Extracted information below:

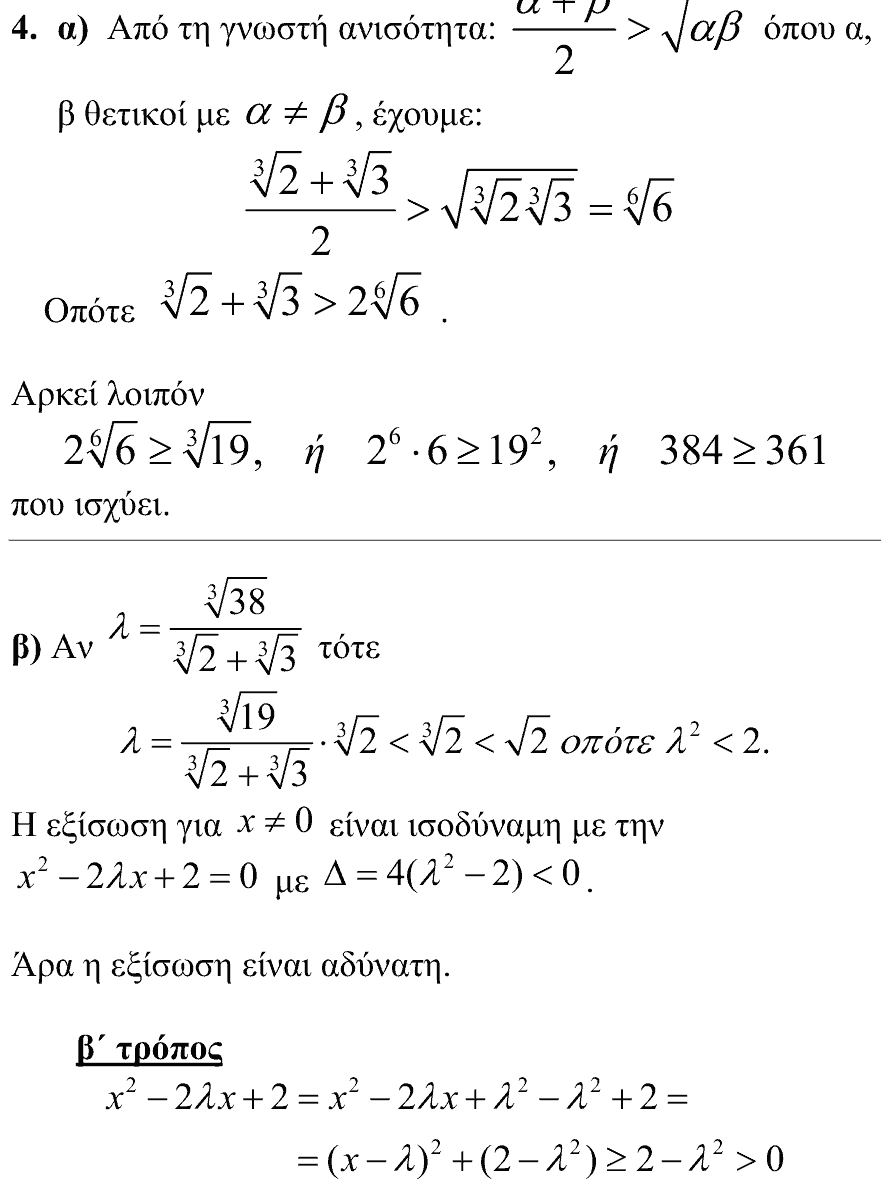 Επίσημη λύση θέματος 4, Θαλής 2006, Β΄ Λυκείου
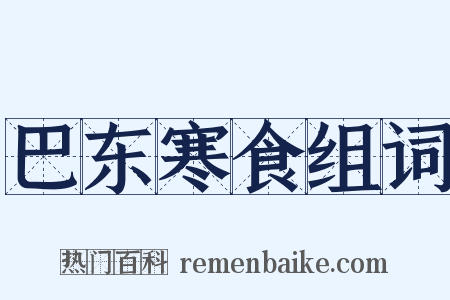 巴东寒食组词是什么意思的图片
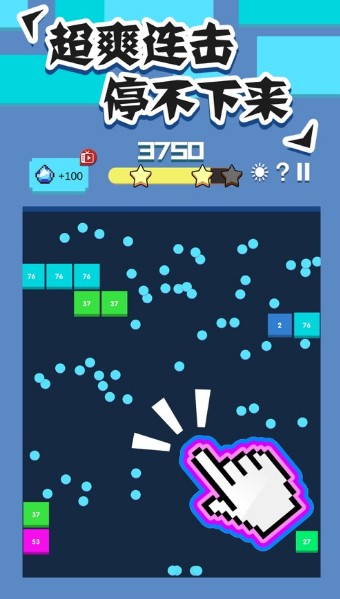 奇妙消方块红包版0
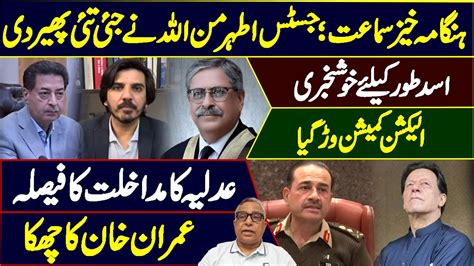 Justice Athar Minallah Exposed Qazi Big Six Of Imran Khan Trouble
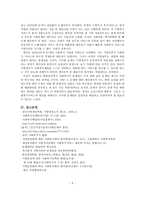 사회복지분야 지방분권화에 따른 문제점과 개선방안 - 지방분권화에 따른 사회복지의 문제점-5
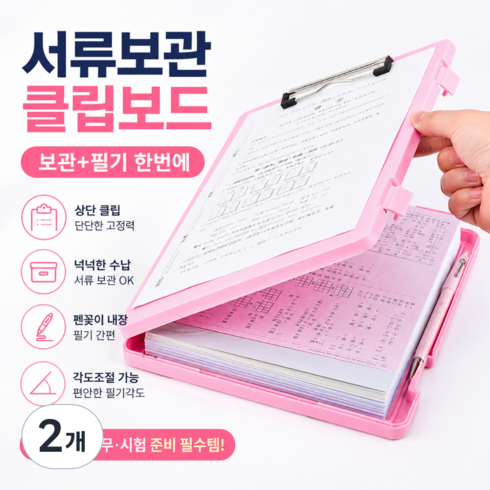 레드에셋 A4 클립보드 파일 보관 케이스, 2개, 핑크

End of Extracted information.

■ **What is required**:
The reply should reproduce every entry above word for word and contain no pictures.

■ **Task response**:
 Επίσημη λύση θέματος 4, Θαλής 2006, Β΄ Λυκείου
 巴东寒食组词是什么意思的图片
 奇妙消方块红包版0
 Justice Athar Minallah Exposed Qazi Big Six Of Imran Khan Trouble
 사회복지분야 지방분권화에 따른 문제점과 개선방안 - 지방분권화에 따른 사회복지의 문제점-5
 레드에셋 A4 클립보드 파일 보관 케이스, 2개, 핑크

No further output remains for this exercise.